- **MATERIAL SHOWN**
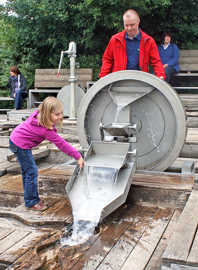 Foto: Wasserspielplatz Petrisberg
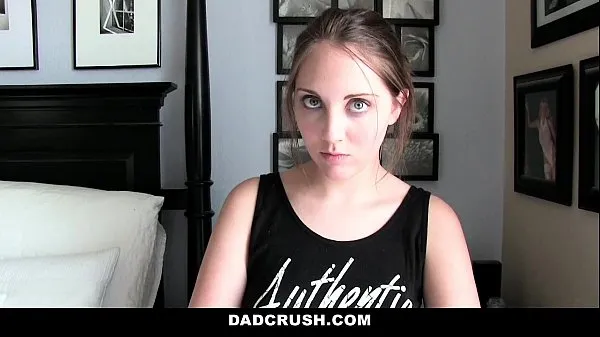 DadCrush- Caught and Punished StepDaughter (Nickey Huntsman) For Sneaking vídeos legais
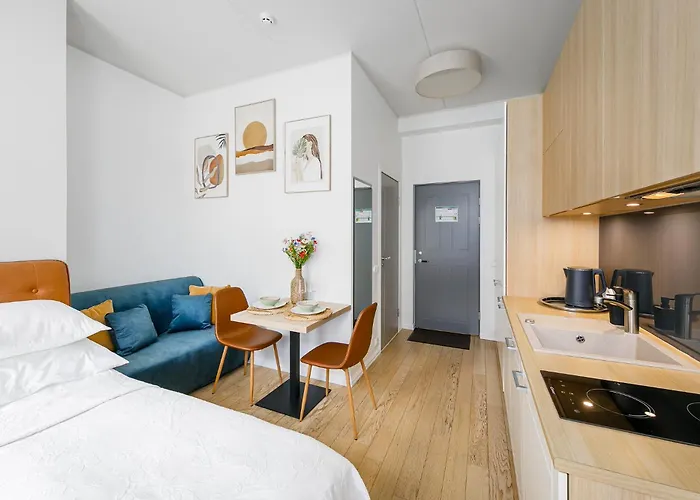 公寓 Stylish Near Old Town 塔林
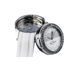Weedstar Uhr mit Versteck Farbe:Weiss
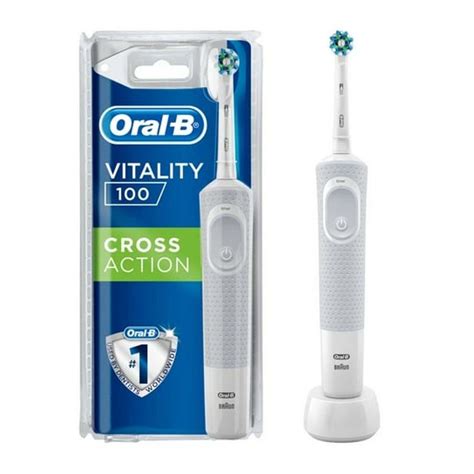 Oral B ELEKTRIČNA četkica za zube D100 VITALITY CROSS ACTION Pharma Viva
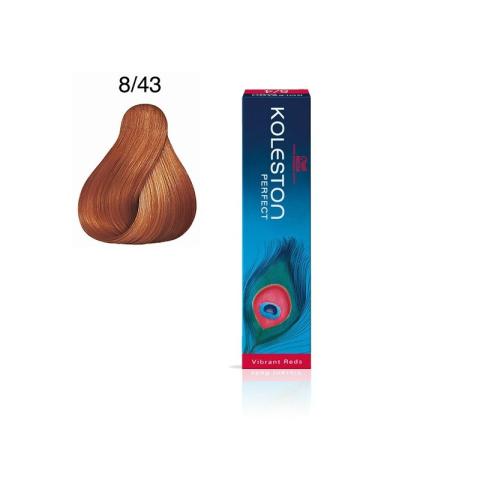 Koleston Perfect 8/43 Blond Clair Cuivré Doré 60ml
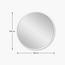 مرآة حائط - السعادة هوم - 100 سم-household-walldecorandmirrors-mirrors-wallmirrors-image-1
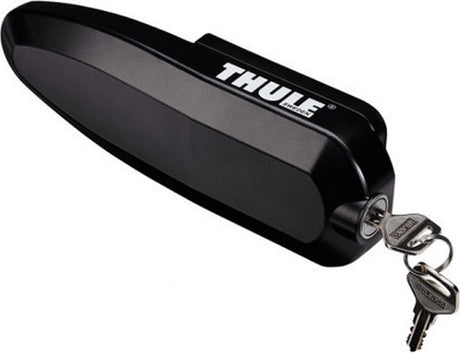 Thule Omnistor Universalschloss schwarz Doppelpack
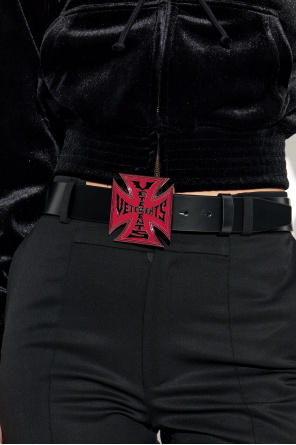 Skórzany pasek od VETEMENTS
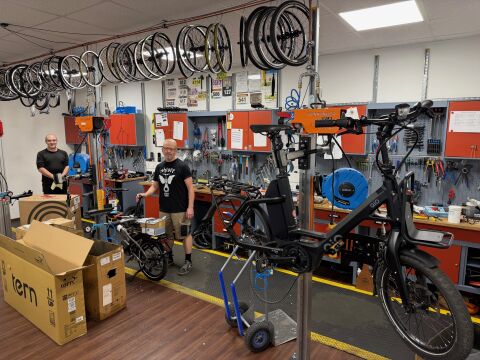 Brompton große Inspektion 16 Zoll/Elektrik nach Serviceplan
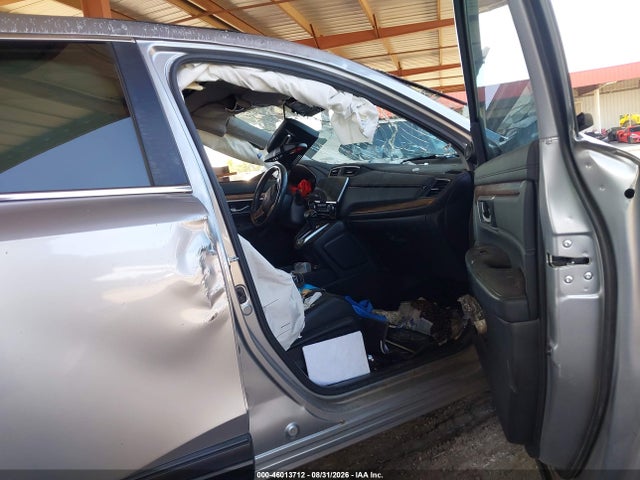 46013712 :رقم المزاد ، 2HKRW2H8XNH620473 vin ، 2022 Honda Cr-v Awd Ex-l مزاد بيع
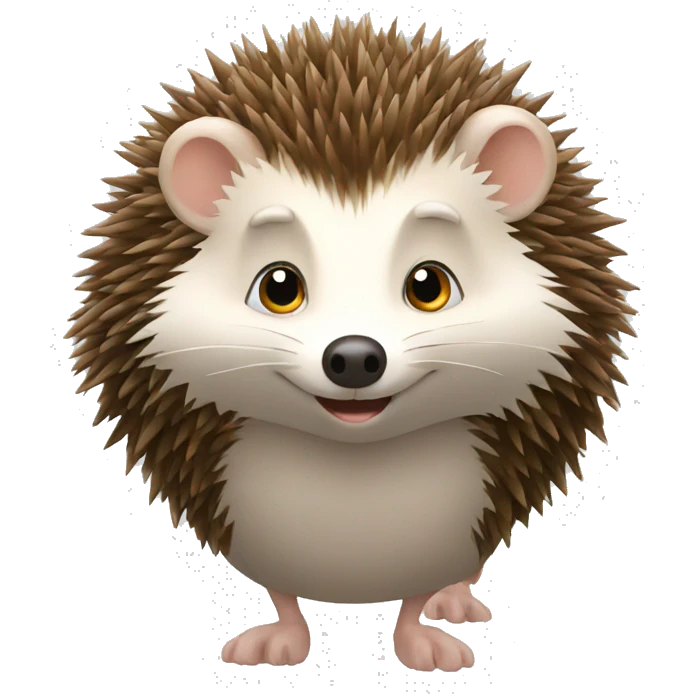 hedgehog emoji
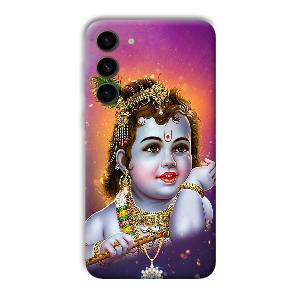 Krshna Phone Customized Printed Back Cover for Samsung Galaxy S23
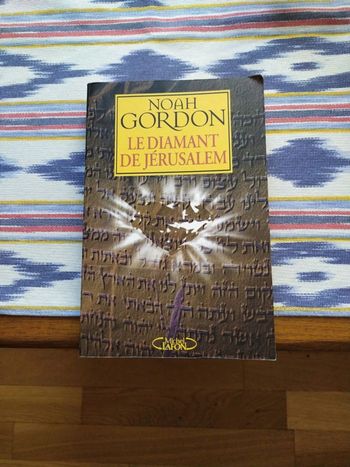 Le diamant de Jérusalem de Noah Gordon
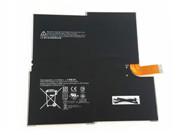 Singapore Genuine MICROSOFT MS011301-PLP22T02 Laptop Battery X883815010 rechargeable 5547mAh, 42Wh Black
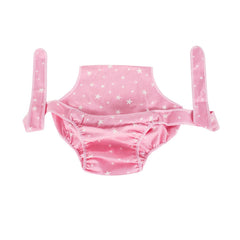 Sevi Bebe Fabric High Chair Booster - Pink Star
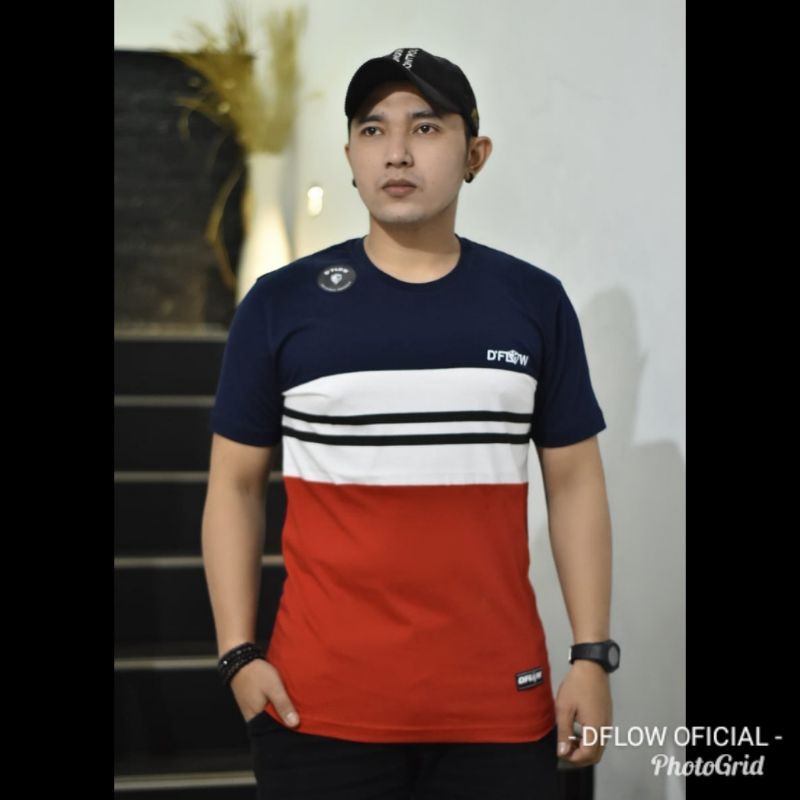 (TERMURAH) KAOS DFLOW ORIGINAL HARGA GROSIR SUPPLIER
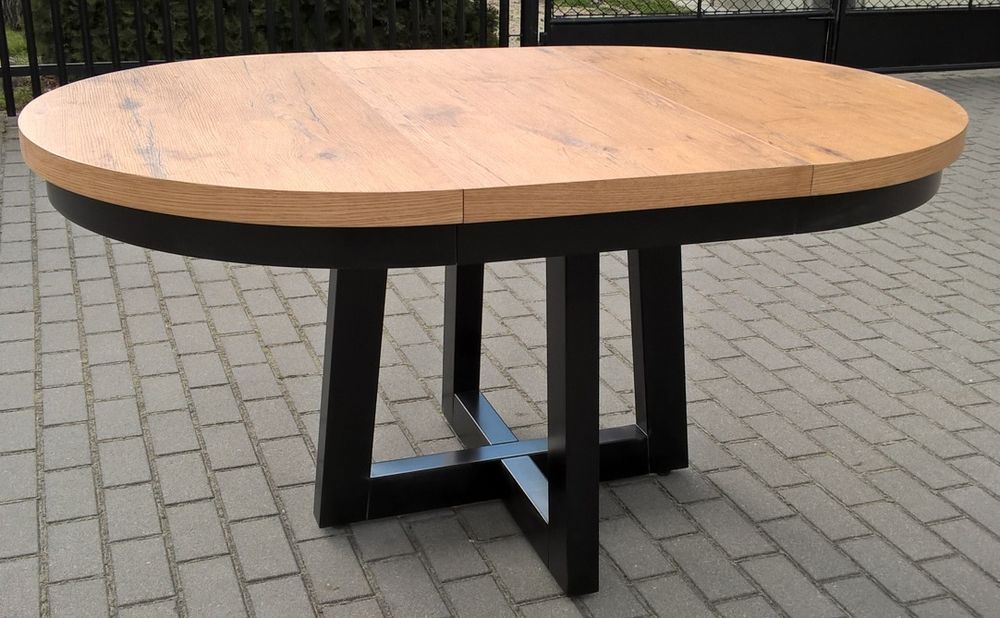 Stół okrągły loft producent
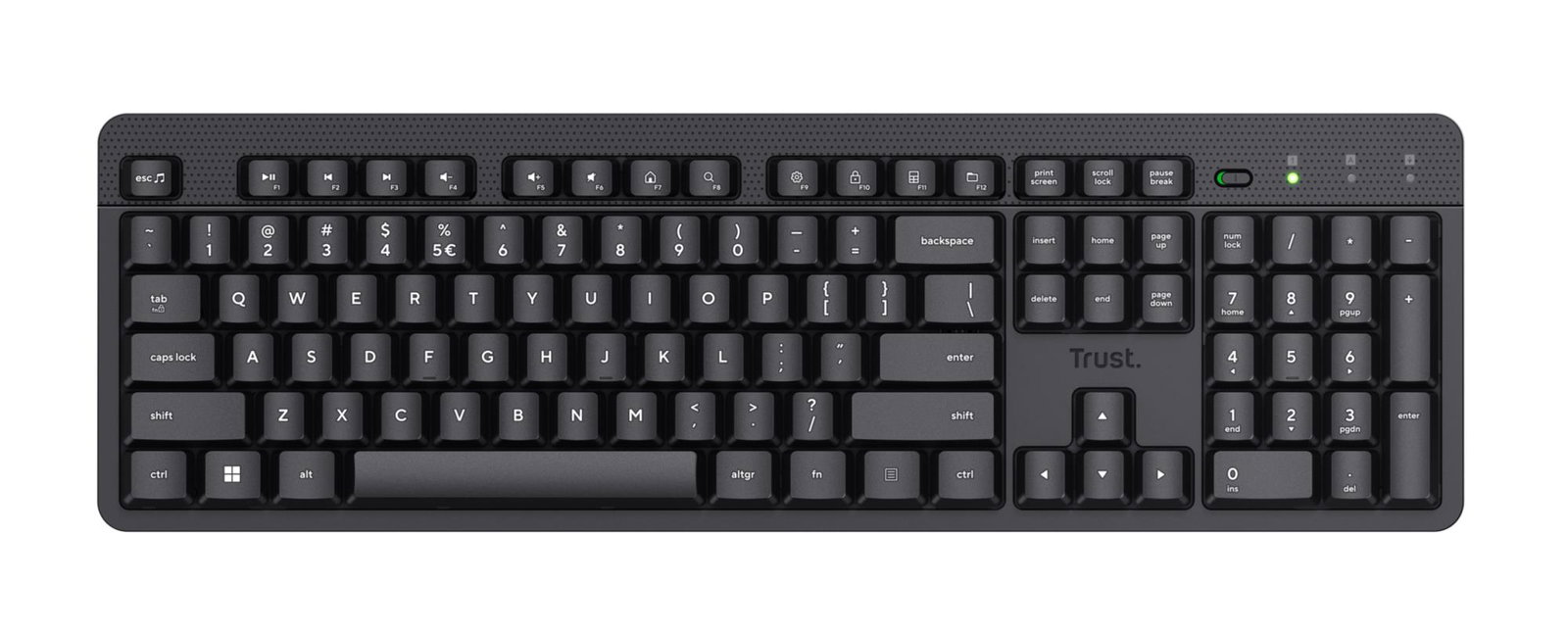 KEYBOARD WRL ODY II/ENG 25011 TRUST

- **INSTRUCTIONS FOR THE TASK**
Output only these lines, word for word: the line containing "Krshna Phone Customized" and every line after it through the last line of the data. Omit the pictures.

- **RESULT OF THIS EXERCISE**
 Krshna Phone Customized Printed Back Cover for Samsung Galaxy S23
 Le diamant de Jérusalem de Noah Gordon
 Singapore Genuine MICROSOFT MS011301-PLP22T02 Laptop Battery X883815010 rechargeable 5547mAh, 42Wh Black
 Sevi Bebe Fabric High Chair Booster - Pink Star
 (TERMURAH) KAOS DFLOW ORIGINAL HARGA GROSIR SUPPLIER
 Stół okrągły loft producent
 KEYBOARD WRL ODY II/ENG 25011 TRUST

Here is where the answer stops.